The "super casino" may have gone but legislation to create eight new "large" and eight new "small" casinos in Britain is on the statute.
But since January 2007 – when the locations were announced – nothing has happened. Industry experts say the problem is that, after the Casino Advisory Panel unveiled winning boroughs, Whitehall all but washed its hands of the matter, leaving the whole process of selecting operators and getting the things running to the 16 local authorities.
Next month bidding processes are supposed to be getting underway in two: Solihull and Newham, both of which have "large casinos" that will be allowed up to 150 slot machines. The latter is even hoping to have its venue open in time for the 2012 Olympics (the industry is sceptical). As for the rest: how long is a piece of string?
Casino operators have not exactly been pushing hard, given the way existing operations are going and because the top-rate of tax on their "gross win" from punters was raised to 50 per cent (from 40 per cent) which makes the economics extremely tight and is likely to limit the cash generated for "regeneration" that was the Government's intention in creating the concept.

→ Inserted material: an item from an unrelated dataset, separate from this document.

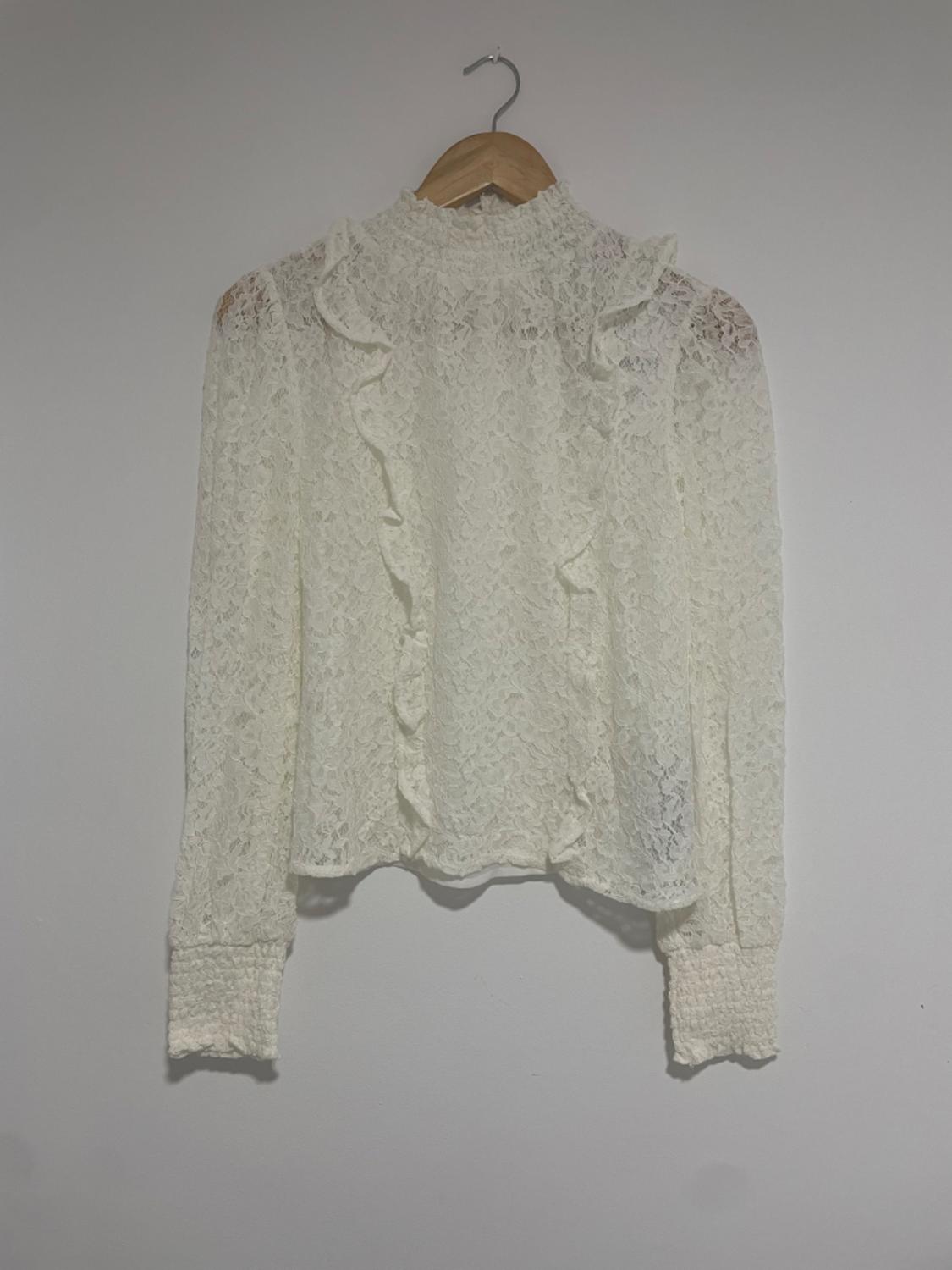 RUFFLED LACE TOP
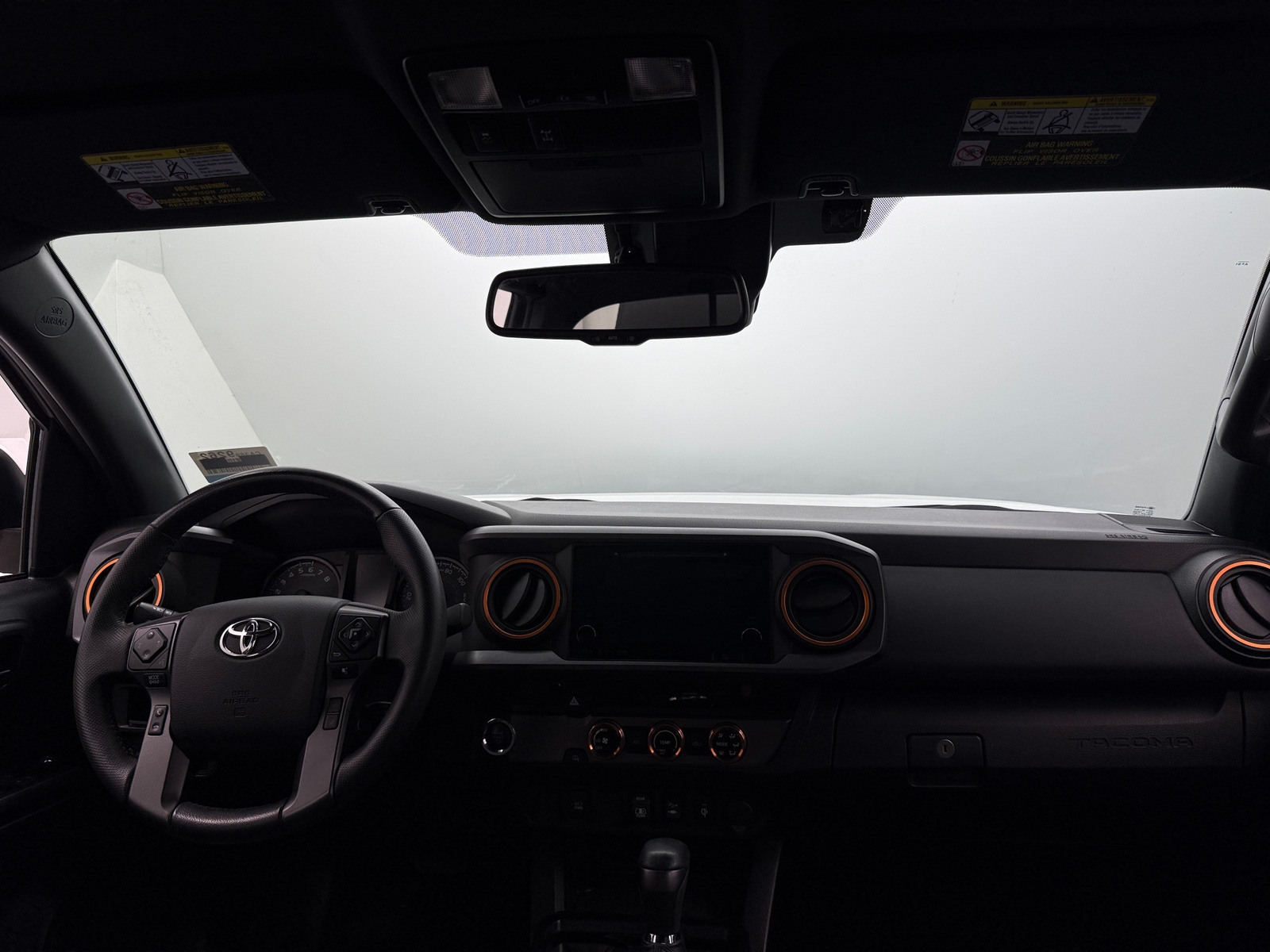 Thumbnail: 2018 Toyota Tacoma - 3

Consolidation has also meant there are less casino groups to bid against each other and many believe that at least a proportion of the planned new venues will never be built.
In addition to Solihull and Newham: Great Yarmouth, Kingston-upon-Hull, Leeds, Middlesbrough, Milton Keynes, Newham, and Southampton have been allocated the other large casinos. "Small" venues, with up to 80 slots, are supposedly being built in Bath and north-east Somerset, Dumfries and Galloway, East Lindsey, Luton, Scarborough, Swansea, Torbay and Wolverhampton.